## Problem to work on:
Count the lines in the records below that contain the word "Engine", and give that figure alone.
(Dataset records begins)
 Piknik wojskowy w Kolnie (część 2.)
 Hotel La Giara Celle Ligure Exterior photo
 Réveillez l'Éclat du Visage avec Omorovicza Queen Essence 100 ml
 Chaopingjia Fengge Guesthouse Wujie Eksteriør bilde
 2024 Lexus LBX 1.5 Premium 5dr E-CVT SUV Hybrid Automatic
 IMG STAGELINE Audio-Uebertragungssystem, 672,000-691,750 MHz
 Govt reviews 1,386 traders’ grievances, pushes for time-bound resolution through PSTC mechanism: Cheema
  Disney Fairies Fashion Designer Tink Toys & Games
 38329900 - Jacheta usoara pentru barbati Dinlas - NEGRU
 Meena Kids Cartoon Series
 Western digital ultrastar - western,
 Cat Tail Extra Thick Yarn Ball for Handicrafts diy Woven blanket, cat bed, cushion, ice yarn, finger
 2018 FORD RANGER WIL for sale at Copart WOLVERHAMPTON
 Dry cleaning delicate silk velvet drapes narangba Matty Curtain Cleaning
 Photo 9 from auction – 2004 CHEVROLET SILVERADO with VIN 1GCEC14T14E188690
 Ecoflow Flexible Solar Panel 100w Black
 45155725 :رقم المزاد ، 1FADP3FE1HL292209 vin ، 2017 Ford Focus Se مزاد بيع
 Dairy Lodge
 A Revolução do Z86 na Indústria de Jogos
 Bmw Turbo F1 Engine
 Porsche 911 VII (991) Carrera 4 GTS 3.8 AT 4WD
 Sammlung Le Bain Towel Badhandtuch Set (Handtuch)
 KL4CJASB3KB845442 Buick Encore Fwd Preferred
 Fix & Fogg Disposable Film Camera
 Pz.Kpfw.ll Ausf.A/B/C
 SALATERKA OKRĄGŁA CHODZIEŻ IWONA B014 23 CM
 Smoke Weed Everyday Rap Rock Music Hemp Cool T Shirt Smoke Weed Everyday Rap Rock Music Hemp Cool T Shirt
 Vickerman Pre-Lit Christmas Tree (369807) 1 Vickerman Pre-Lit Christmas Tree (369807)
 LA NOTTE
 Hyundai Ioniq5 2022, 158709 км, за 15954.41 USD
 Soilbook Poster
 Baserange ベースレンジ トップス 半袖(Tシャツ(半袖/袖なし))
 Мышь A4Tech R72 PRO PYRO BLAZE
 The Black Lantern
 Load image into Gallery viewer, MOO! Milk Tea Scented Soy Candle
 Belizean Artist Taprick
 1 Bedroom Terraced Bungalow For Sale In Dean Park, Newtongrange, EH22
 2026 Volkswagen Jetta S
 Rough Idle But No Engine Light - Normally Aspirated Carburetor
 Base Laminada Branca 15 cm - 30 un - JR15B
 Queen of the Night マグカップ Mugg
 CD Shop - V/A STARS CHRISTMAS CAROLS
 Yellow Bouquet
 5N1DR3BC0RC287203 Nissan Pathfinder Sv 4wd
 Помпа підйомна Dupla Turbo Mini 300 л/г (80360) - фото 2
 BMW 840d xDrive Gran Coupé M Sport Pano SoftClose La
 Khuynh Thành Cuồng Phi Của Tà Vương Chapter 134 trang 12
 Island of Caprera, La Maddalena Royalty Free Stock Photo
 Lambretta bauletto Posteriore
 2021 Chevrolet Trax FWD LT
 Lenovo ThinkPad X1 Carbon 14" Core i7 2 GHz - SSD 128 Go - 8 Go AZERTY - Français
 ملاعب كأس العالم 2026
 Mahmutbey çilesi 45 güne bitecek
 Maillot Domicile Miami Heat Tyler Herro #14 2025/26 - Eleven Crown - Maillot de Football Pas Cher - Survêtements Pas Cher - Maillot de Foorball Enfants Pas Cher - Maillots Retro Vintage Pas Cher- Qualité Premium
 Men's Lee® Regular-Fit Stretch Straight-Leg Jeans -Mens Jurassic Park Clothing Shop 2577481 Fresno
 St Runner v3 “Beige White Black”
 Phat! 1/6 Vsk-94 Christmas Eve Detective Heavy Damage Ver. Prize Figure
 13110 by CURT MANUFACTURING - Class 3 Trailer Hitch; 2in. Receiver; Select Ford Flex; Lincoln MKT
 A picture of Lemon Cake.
(Dataset records ends)
## The answer:
2